China have 27 in construction right now, can someone knowledgeable explain why it still takes 7 years to build a single reactor?

I've always read that if we were building more reactors we would get economies of scale, and things would happen quickly.. but that doesn't seem to be the case.

7 years is still pretty quick compared to many nuclear projects.

  • It's also an average over a bunch of different reactor technology, not all of which takes the same time to build.

    The main designs they are employing are from the Hualong One, soon to be Hualong Two line. Hualong One takes around 5 years, Hualong Two is a revised design intended to reduce costs and construction time to only 4 years. Which is still a long time in absolute sense but is practically instant in nuclear reactor timescales.

  • I understand it is much faster than the rest of the world, but my question is why 7 years? Are they simply pouring so much concrete it takes that long for it to all cure.

    I mean, massive bridges and skyscrapers get built in 2-4 years, they seem to be a similar complexity.

    Actually, if you're building 27 at the same time surely it's easier than building a one off massive building or bridge.

Large buildings almost always take a long time to build; nuclear reactors are large buildings. Authoritarianism allows outside reviews to be skipped, but it doesn't make concrete cure faster. And you've also got to build out grid connections and what not too, which isn't fast.

In theory, Small Modular Reactors are supposed to be something that can be built in a factory setting, and then installed at locations with a smaller construction project; if that works out, that's when you'd get faster construction times.

  • > In theory, Small Modular Reactors are supposed to be something that can be built in a factory setting, and then installed at locations with a smaller construction project;

    IIRC, SMRs have a larger output per KwH of waste, compared to LWRs. I assume that this waste is going to be stored on sight for long periods of time, that will require a decent sized construction project on location as well, won't it?

    Also, after 9/11 we required nuclear plants to withstand a direct hit from a 737. Will the factory build SMRs to that spec, or will that be onsite as well (underground?)

    • You don't really need to have the onsite waste storage built before the reactor goes online.

      > Also, after 9/11 we required nuclear plants to withstand a direct hit from a 737. Will the factory build SMRs to that spec, or will that be onsite as well (underground?)

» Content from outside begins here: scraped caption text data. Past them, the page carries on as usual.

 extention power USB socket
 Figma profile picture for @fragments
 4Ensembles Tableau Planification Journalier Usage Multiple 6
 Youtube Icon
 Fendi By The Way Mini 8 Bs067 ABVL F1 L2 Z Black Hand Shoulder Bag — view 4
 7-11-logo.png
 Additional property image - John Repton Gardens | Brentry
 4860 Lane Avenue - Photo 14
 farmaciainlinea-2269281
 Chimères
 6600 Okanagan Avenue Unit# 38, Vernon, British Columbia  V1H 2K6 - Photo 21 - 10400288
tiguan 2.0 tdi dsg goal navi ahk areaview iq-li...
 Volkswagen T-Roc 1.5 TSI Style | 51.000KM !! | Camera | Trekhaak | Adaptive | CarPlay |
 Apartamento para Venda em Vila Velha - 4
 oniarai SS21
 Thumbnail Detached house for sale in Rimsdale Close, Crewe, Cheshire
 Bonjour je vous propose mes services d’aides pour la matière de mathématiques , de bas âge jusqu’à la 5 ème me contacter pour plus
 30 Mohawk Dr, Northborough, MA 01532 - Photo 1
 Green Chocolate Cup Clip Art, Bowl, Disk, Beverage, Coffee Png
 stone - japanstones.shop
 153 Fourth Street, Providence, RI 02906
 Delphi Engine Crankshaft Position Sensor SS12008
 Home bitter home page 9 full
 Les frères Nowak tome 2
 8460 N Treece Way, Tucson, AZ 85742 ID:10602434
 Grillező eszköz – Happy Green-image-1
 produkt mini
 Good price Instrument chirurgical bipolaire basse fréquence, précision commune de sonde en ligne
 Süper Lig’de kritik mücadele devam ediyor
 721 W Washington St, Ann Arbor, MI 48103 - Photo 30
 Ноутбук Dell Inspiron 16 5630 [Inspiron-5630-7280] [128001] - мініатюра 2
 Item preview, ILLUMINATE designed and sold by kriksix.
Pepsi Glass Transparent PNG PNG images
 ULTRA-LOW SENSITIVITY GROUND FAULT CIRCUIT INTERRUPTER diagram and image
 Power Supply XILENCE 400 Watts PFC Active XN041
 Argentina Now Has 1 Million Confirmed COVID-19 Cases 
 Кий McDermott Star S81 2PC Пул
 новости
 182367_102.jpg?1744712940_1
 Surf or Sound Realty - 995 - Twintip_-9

      Depends on who 'we' is. IMHO, SMR isn't going to make large numbers of reactors nuclear viable in the US; the problem in the US isn't really the cost of construction although that's not great, it's the cost of delays from the many levels of review and regulations; that ship sailed on March 28, 1979; and I don't think nuclear be viable again in the US until the generation of environmentalists brought up in the shadow of Three Mile Island and Chernobyl are gone, which is going to take quite some time; maybe renewables plus storage will be more than sufficient by the time the US is ready to consider nuclear again, at which point it will be moot.

      4 replies →

Of those being built, most of them began construction in the last 2 years[0]. If you look at the timelines, China is doing much better than others on timelines. For the economies of scale, one needs to only look at the historical example of France (same link).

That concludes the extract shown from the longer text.